Por fim, vale mencionar que a modalidade de habilitação inicialmente concedida poderá ser objeto de pedido de revisão, caso o declarante comprove a existência de recursos financeiros suficientes para a realização de suas operações de comércio exterior.
A limitação quantitativa para operar no comércio exterior é objeto de inúmeras controvérsias e discordâncias pelos importadores, que, muitas vezes, embora comprovada a sua capacidade econômico-financeira, viram seu pleito de habilitação ou revisão de limite indeferido, ou até mesmo reduzido pela Receita Federal do Brasil, fato que impede a concretização de operações de importação muitas vezes já em trânsito para o Brasil.
Partindo do pressuposto que o aspecto financeiro nada tem a ver com o controle aduaneiro e a regularidade das operações, a judicialização dessa questão é medida viável ao importador, que vem obtendo êxito nas recentes e favoráveis decisões proferidas pelo judiciário, desde que seja comprovada, de forma inequívoca, a livre e lícita disponibilidade financeira da empresa, conjuntamente com a ausência de comprovação de fraudes aduaneiras pela Receita Federal do Brasil.
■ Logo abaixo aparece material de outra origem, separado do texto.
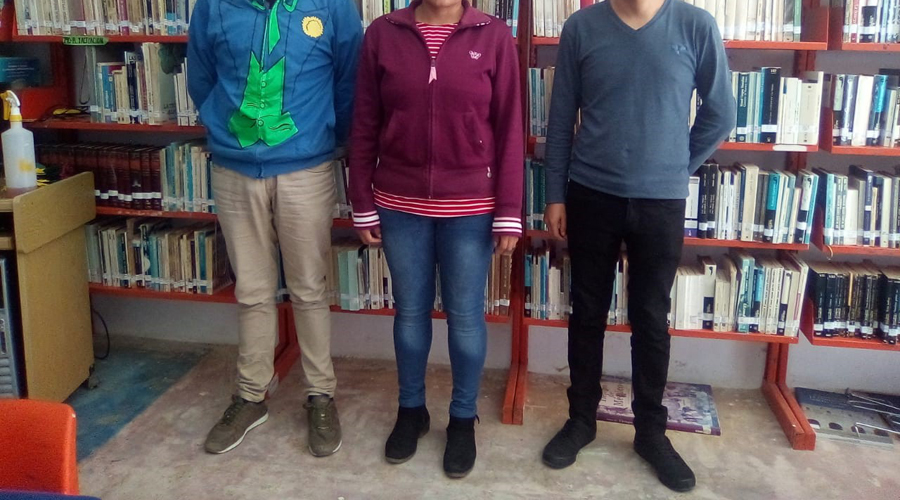 Vigentes, los servicios de la Biblioteca Pública de Huautla | El Imparcial de Oaxaca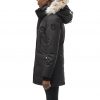 Carla Premium Down Parka - Stylefav
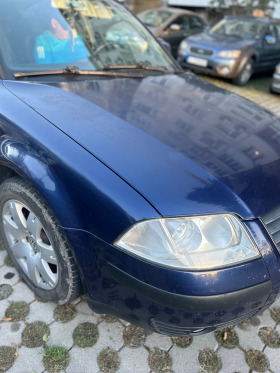 VW Passat 1.9, снимка 15 - Автомобили и джипове - 44199475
Nesse sentido, o entendimento que se vê reprisado no âmbito dos Tribunais Regionais Federais e de suas Seções Judiciárias caminha no sentido de que a limitação dentro de um cenário favorável à empresa atenta contra princípios constitucionais basilares do nosso ordenamento jurídico, como o da livre iniciativa, razoabilidade, proporcionalidade e legalidade, validando o argumento de defesa de inexistência de previsão legal expressa que determine que a empresa fique impedida de atuar em seu ramo negocial, em razão da modalidade de Radar que lhe foi concedida.
Além disso, conforme destacado acima, é possível que, quando do requerimento prévio no Portal Habilita, o limite de Radar seja automaticamente reduzido. Sobre isso, o judiciário também já se posicionou favoravelmente ao importador, considerando essa prática como ilegal e violadora dos princípios da motivação, contraditório e ampla defesa, sendo imprescindível a prévia intimação do importador em procedimento próprio para apresentar sua defesa.
Portanto, embora a nova IN RFB nº 1984/2020 tenha trazido consigo o intuito de simplificação e agilidade para a prática do comércio exterior, dispensando a habilitação das pessoas físicas, por exemplo, verifica-se que o limite de Radar ainda permanece em sua estrutura, embora seja inteiramente possível discutir judicialmente a limitação quantitativa imposta pela Receita Federal do Brasil quando a empresa conseguir comprovar, de forma inequívoca, sua lícita e disponível capacidade financeira para custear as operações negociadas, e não houver nenhuma comprovação de fraude na operação.